Leïla Sebbar s’attache également à suivre le parcours d’une adolescente à travers une série de trois récits d’aventures. Le premier, Shérazade, 17 ans, brune, frisée, les yeux verts (Editions Stock, 1982) retrace, dans un registre à la fois drôle, extravagant et réaliste, les dérives d’une fugueuse de banlieue et ses rencontres dans Paris. Cette jeune fille insoumise erre dans la ville (un de ses de squats préférés étant les bibliothèques) et côtoie les univers les plus sombres (drogue, prostitution) à la recherche de son identité et de sa liberté. Ses aventures se poursuivent avec Les carnets de Shérazade (même éditeur, 1985) où elle trace à travers la France sa propre géographie lyrique et amoureuse et invente, au fil de ses cahiers, une terre nouvelle à la croisée de l’Occident et de l’Orient. Enfin, Le fou de Shérazade (même éditeur, 1991) narre la quête de Julien, qui depuis sa rencontre avec Shérazade à Paris, ne pense plus qu’à la retrouver même si cela implique de parcourir le monde entier.

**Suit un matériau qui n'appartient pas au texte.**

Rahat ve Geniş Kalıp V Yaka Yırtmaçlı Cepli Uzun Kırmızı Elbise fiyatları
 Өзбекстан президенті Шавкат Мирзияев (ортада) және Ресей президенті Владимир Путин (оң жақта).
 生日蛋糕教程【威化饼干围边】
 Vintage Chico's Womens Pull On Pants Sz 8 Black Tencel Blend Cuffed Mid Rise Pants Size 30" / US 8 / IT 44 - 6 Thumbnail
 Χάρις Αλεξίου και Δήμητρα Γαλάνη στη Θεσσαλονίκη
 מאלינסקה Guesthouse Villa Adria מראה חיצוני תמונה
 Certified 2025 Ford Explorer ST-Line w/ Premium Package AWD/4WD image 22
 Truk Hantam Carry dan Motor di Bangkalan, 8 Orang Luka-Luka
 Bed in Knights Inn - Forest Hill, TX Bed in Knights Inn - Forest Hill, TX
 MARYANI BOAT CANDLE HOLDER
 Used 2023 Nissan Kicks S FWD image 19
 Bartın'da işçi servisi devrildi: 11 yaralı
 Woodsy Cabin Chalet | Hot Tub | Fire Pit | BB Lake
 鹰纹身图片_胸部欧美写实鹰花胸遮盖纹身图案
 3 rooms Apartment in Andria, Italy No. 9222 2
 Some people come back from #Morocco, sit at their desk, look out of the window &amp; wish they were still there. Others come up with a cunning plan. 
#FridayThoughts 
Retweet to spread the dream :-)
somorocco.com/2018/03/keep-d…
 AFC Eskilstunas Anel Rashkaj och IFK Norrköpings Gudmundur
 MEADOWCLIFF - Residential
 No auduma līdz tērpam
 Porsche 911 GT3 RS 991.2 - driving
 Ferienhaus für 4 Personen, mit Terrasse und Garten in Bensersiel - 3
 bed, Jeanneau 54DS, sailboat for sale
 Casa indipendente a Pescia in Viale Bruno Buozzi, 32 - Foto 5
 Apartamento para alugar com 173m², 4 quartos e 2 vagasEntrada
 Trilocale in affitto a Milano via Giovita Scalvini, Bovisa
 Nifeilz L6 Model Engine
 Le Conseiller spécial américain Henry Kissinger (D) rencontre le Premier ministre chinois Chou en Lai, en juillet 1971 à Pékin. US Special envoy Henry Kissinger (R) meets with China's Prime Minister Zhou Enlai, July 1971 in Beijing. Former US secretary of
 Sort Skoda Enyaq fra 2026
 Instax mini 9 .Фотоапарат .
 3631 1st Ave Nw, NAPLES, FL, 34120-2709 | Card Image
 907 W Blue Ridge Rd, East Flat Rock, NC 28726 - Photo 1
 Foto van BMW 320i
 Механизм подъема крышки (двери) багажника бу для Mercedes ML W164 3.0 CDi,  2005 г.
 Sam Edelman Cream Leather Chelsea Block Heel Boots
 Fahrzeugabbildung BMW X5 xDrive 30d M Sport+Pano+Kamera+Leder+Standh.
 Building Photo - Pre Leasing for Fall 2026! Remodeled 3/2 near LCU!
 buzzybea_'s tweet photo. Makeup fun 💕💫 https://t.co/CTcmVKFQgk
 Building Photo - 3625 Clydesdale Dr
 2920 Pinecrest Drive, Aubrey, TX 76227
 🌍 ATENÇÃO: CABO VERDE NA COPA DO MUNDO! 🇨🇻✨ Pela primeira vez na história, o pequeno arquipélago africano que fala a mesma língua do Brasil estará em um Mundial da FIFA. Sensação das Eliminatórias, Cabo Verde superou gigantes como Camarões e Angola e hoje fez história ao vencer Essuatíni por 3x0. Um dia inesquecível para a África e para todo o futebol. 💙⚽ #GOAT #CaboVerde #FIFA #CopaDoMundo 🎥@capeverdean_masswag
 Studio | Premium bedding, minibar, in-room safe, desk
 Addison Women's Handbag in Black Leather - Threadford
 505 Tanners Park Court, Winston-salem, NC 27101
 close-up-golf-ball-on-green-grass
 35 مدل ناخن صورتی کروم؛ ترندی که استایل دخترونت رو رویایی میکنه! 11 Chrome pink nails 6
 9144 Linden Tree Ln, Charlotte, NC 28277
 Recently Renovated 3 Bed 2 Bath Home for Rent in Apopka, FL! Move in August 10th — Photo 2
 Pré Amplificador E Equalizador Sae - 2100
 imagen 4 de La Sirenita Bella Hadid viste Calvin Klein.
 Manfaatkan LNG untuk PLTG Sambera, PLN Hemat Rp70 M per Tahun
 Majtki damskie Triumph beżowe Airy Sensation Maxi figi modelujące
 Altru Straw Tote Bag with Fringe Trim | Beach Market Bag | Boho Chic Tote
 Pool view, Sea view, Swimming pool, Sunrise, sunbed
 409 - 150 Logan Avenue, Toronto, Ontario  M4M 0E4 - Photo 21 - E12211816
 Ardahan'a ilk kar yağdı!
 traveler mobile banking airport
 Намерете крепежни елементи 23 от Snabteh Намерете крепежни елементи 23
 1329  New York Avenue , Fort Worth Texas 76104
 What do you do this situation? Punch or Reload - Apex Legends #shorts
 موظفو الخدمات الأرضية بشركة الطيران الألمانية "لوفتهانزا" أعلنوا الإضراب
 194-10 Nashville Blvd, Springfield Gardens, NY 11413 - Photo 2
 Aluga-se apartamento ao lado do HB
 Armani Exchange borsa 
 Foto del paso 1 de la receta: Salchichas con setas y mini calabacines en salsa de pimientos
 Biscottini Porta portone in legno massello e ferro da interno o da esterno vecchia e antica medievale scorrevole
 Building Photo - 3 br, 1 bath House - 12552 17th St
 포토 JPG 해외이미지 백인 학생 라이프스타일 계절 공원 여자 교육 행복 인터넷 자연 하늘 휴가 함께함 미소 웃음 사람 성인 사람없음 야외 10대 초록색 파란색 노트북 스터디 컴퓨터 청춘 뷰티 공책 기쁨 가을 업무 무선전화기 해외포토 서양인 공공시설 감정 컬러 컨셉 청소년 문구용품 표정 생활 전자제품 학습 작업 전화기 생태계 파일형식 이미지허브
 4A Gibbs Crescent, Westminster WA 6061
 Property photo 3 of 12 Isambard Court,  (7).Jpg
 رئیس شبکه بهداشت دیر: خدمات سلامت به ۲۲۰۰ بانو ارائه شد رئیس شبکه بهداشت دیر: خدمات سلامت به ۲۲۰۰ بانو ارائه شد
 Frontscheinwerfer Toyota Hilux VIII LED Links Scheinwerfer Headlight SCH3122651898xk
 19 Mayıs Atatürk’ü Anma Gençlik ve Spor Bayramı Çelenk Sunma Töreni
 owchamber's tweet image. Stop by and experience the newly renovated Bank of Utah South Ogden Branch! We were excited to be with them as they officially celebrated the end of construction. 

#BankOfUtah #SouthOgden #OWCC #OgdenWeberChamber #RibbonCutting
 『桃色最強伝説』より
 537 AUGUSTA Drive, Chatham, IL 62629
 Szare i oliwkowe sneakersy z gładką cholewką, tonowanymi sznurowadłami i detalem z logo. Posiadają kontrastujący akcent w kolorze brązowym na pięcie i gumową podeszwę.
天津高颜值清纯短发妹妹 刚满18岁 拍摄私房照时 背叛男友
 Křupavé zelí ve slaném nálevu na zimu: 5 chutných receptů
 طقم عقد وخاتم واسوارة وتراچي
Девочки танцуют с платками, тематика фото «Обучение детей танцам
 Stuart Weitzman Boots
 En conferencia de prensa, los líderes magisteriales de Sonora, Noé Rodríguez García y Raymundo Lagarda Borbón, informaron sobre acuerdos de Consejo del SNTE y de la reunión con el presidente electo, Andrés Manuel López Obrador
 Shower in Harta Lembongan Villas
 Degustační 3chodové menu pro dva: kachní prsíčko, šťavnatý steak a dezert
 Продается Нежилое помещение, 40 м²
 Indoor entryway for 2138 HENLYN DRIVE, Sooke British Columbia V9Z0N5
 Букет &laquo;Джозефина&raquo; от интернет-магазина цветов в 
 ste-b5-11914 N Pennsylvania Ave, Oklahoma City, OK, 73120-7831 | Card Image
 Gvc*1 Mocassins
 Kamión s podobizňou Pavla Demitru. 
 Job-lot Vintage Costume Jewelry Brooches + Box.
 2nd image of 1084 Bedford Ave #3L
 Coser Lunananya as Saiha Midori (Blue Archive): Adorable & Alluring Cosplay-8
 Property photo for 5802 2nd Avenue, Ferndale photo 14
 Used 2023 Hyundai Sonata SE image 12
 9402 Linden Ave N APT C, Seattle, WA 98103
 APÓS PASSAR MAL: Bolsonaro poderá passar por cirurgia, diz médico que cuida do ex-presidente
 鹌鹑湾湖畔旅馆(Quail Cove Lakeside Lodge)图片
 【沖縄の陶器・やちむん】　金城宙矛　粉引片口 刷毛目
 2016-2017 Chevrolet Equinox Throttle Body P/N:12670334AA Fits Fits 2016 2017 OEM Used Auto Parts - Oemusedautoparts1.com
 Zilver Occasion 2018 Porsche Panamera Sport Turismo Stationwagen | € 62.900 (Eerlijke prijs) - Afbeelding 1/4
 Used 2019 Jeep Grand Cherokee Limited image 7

Pour terminer cette présentation et souligner le travail collectif de l’auteure, évoquons les deux recueils de récits qu’elle a dirigés. Une enfance algérienne (Editions Gallimard, coll. Folio, 1997) où seize écrivains nés en Algérie avant l’Indépendance racontent des bribes de leur enfance et les regards qu’ils portaient alors sur leur histoire. Dans la même optique, Une enfance d’ailleurs (Editions J’ai lu, 2002) réunit des auteurs nés et élevés dans un pays autre que la France mais y vivant aujourd’hui qui relatent un moment singulier ou des fragments de leur enfance étrangère. Encore une fois, ces histoires contribuent à montrer aux jeunes toute la richesse de la double culture et l’intérêt d’une dynamique mémorielle afin de mieux se construire.
[1] Le Massacre du 17 octobre 1961 désigne la répression qui a frappé une manifestation pacifique en faveur de l’Indépendance de l’Algérie en France. Selon les estimations, entre 32 et 325 Maghrébins sont morts sous les coups de la police française, alors dirigée par le préfet de police Maurice Papon. Des dizaines de manifestants ont été jetés dans la Seine, tandis que d’autres sont morts dans des centres de détention. Nié par les autorités de l’époque, le massacre n’a été reconnu officiellement que le 17 octobre 2001 par le maire de Paris, Bertrand Delanoë.